Addison Groove I Go Boom Remixes EP
Just a couple of months after the release of his playfully titled Adventures in Rainbow […]
Just a couple of months after the release of his playfully titled Adventures in Rainbow Country EP, Addison Groove and 50 Weapons are offering up a pair of remixes of that record’s standout track, “I Go Boom.” DJ Rashad and Doc Daneeka have been enlisted to re-work the song, and both do their best to individually breathe new life into the bombastic track.

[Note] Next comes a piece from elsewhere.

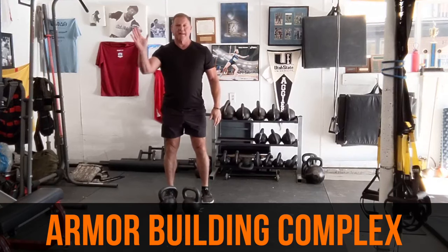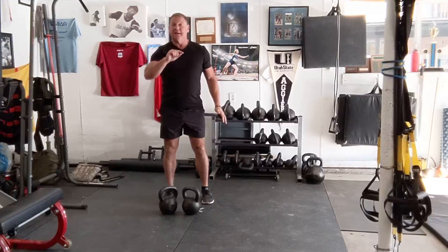Hi everybody. Dan John here from danjohnuniversity.com and danjohn.net. One of the most popular workouts I have is three exercises in a complex back-to-back-to-back. It's called the Armor Building Complex. So let's just do it.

Addison Groove’s original “I Go Boom” was anything but subtle. Built from the man’s trademark 808 grooves, the four-plus-minute tune moved and shifted between sections and ideas at a breakneck pace, throwing in rolling snares, sampled percussion fills, space-age FX, classic chords, and a cheeky vocal sample. In truth, the track was a little outlandish, but Addison Groove pulled it off so well that major complaints were hard to muster. “I Go Boom” came off as a song that didn’t take itself too seriously—a dancefloor-friendly hybrid that valued big beats (and their expert execution) at the risk of losing some of its gravity. However, while this largely worked for Addison Groove’s original, it ultimately seems to have made the song a strange choice for a remix 12″.

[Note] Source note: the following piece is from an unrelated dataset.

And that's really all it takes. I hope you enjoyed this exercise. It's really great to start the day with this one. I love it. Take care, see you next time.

The a-side enlists one of juke’s hometown heroes, DJ Rashad, who pretty much does exactly what one would imagine with his rework, pushing the tempo into footwork-friendly territory where skittering hats and dirty kicks and snares meet with the original’s repurposed elements. It may not be a mind-blowing rework, but the chopped chords and beefy alternating rhythms further show that Rashad’s take on juke is still fresh. Daneeka’s b-side effort takes a slightly different shape, dunking “I Go Boom” in a bath of rich chords and sidechained cymbals that lands it somewhere between rolling house and half-tempo bass music. The Welsh producer’s rework here is pleasantly reminiscent of his earlier work, taking on a bit more warmth than we’ve been accustomed to hearing from Daneeka’s 2012 output (particularly on his Murdah Strings EP for Roska’s Kicks & Snares). In the end, the remixers do deliver a quality product, but one that is still overshadowed by the fact that maybe the world just didn’t need a 12″ of “I Go Boom” remixes.